Canonist Ed Peters on Canons 915 & 916, and Abp's Burke & Wuerl

I just received a Canon Law update from Ed Peters, JD, JCD on Canons 915 and 916, and how two camps of bishops are looking at these, led by Archbishop Burke on one side and Archbishop Wuerl on the other. I have maintained two things:

    1) There is one Holy Spirit influencing the consciences of both men. In the end, what is important is what God wants and it's up to our bishops to discern that completely, through prayer and dialogue. We need to pray for them to properly discern and we will know it is done when there is unity.

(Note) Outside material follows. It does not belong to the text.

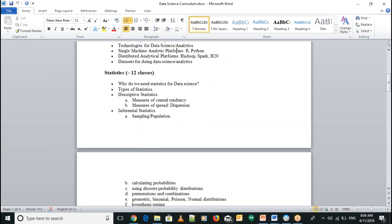Before starting, I wanted to have a quick round of introductions from you — what is your expectation from this course?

    2) I choose to believe that inaction on Canon 915 by most bishops not acting on it, has everything to do with a fundamental problem with understanding, not with any kind of moral or virtuous lapse. This is a christian way to look at such disagreements.
I still think the men need to celebrate Mass together one day, then go lock themselves into a nice room with a coffee, Jameson, scotch, cigars and any other legitimate thing that might help them through some robust dialogue.

Ed's analysis is very charitably done and sheds light on something interesting. He looks at Canons 915 and Canon 916 together and suggests this is where differences abound.

I'll start you out here, then follow the link to Ed's blog - In Light of the Law - to read the rest of the post:


Abps. Wuerl (c. 916) & Burke (cc. 915-916) on admission to Communion I often tell my students, the answer to a canonical question is seldom found in a single canon.

Two prominent American prelates, Abp. Donald Wuerl of Washington DC and Abp. Raymond Burke of the Apostolic Signatura, are the lead figures in a significant disagreement over admitting certain pro-abortion Catholic politicians to holy Communion. Wuerl basically believes that, under Canon 916, Catholics, including pro-abortion politicians, should determine their own eligibility for reception of Communion. Burke argues that, beyond Canon 916, Canon 915 requires ministers of holy Communion to withhold the Eucharist from some pro-abortion politicians if they don't refrain from approaching on their own. Both sides can't be right, and I suspect that the more compelling case is made by reading the two canons together instead of reading one to the exclusion of the other.

Some preliminary thoughts toward sorting this out.

First, awareness of Church history helps contemporary Catholics sleep at night. This is not the first time that upright bishops have differed over important points of pastoral practice; for that matter, strong episcopal conflicts over (unsettled) matters of doctrine are not unknown in the Church. So, let's be confident in Holy Spirit's power to lead the Church through this issue as He has led us through others. Second, one must avoid "personalizing" the debate.

Both archbishops are distinguished thinkers and both have many decades of loyal service to the Church behind them, including some services rendered under very difficult circumstances. In short, each is an attractive figure. But, while it's tempting to rally behind one or the other, personalities are not what's at issue here.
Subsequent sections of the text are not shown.